The a-c length is 402.6. The cost for a single fork is $210.53 + shipping. They will sell to individuals. I am not sure what the offset is. Black Sheep would be the way to go, but I'm trying to do this on a budget.


----------



## Lelandjt (Feb 22, 2008)

What about those Token carbon forks that are so popular?


----------



## phoenixbikes (Sep 24, 2010)

For some reason I just don't trust carbon. It's probably perfectly strong and durable from the right manufacturers I'm just skeptical. I don't know that a 575 gram ti fork will be any more reliable to be perfectly honest, but my instinct tells me I could trust it more than (and for a longer period of time) than a carbon fork.


----------



## bycyclist (Oct 13, 2008)

phoenixbikes said:


> The a-c length is 402.6. The cost for a single fork is $210.53 + shipping. They will sell to individuals. I am not sure what the offset is. Black Sheep would be the way to go, but I'm trying to do this on a budget.

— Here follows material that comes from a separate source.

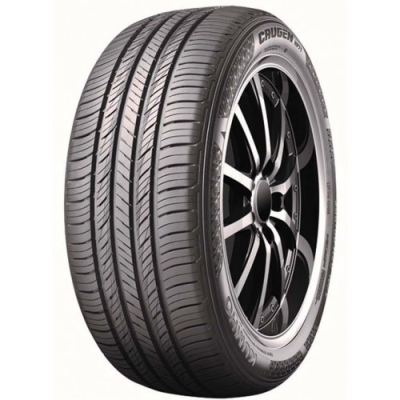Kumho HP71 235 60 R16 100V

hmmm, that a-c length is a bit short for my 29er frame that's suspension corrected. Needs to be at least 460ish for me to be interested. Yeah, Black Sheep is more than double that price...


----------



## Lelandjt (Feb 22, 2008)

An oxygen contaminated Ti weld is just as weak as a void or crack in carbon. You also have to consider the quality and thickness of the tubing. I'd be more suspicious of a rare Ti fork made from Russian tubing and welded in Asia than a popular Asian carbon fork. We've seen that they've mastered carbon construction but isn't American Ti still considered superior to Russian tubing and Taiwanese/Chinese welding?


----------



## phoenixbikes (Sep 24, 2010)

draft attached


----------



## phoenixbikes (Sep 24, 2010)

pic too


----------



## mtnbikecrazy55 (Jul 26, 2007)

Dang, I might just have to look into one of these. I have my white brothers rock solid fork and love it, but the steerer tube Is too short for my new frame  

This would look great with my ti frame......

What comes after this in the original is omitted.